Come contenere questa destra? La domanda potrebbe essere cruciale, per l’Italia e l’Europa. Su Domani con essa si sono misurati Urbinati, Felice, Feltri, Ignazi, Visco. Io mi sono limitato a dire che le strategie possibili sono due: fare leva sulle idee – l’opzione migliore, ho scritto anche sulla stampa estera – oppure sul numero, aggregando una coalizione magari arlecchinesca ma capace di prendere un seggio in più dell’avversario, o non troppi di meno.

Non ho ricevuto risposte sulla stampa ma su Twitter. Le strategie non sono due, mi è stato obiettato, ma tre: perché ci si può battere sia con le idee sia con le alleanze.

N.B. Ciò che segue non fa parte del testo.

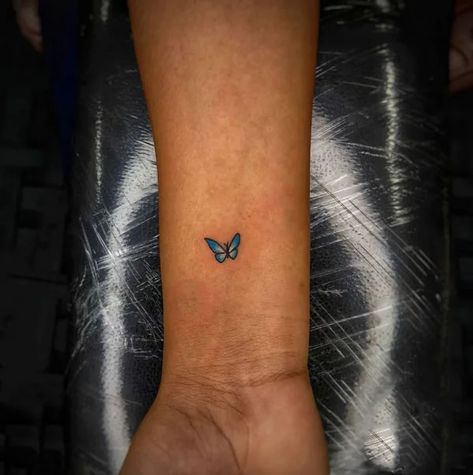 https://allabouttattoo.com/wp-content/uploads/2022/09/Small-blue-butterfly-tattoo.webp Blue Butterfly Tattoos For Women, Small Butterfly Tattoo Blue, Blue Tattoo Butterfly, Blue Minimalist Tattoo, Blue Butterfly Tattoo Ankle, Blue Buterfluffy Tattoo, Tiny Blue Butterfly Tattoo, Small Butterfly Tattoo Color, Blue Butterfly Tattoo Arm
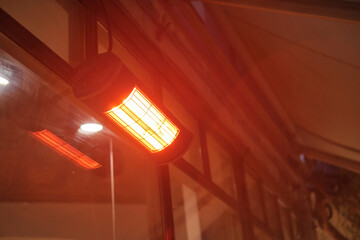 Warm glowing heater provides comfort on a chilly evening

Ma l’apparente buon senso di questa terza via mi è parso il riflesso della difficoltà della scelta: se sciogliere l’incertezza tra due alternative è rischioso, può sorgere il desiderio di negare il dilemma immaginando una soluzione di compromesso che eviti la decisione. Ora che è stata tentata posso dire con più fondamento che la terza via è illusoria.

Infatti nei giorni scorsi il Pd ha firmato un’alleanza con Azione e +Europa, fondata su due pagine di convergenze programmatiche; ma insieme ha formulato una propria distintiva proposta, la dote per i diciottenni. Proposta apprezzabile, sebbene forse imperfetta, che però è subito annegata nelle accese polemiche tra centristi e rosso-verdi.

L’eco debolissima che essa ha ricevuto attesta che, tra qui e il voto, molto difficilmente un Pd vincolato a una coalizione programmatica ma ideologicamente disomogenea riuscirà a promuovere le proprie idee in modo credibile.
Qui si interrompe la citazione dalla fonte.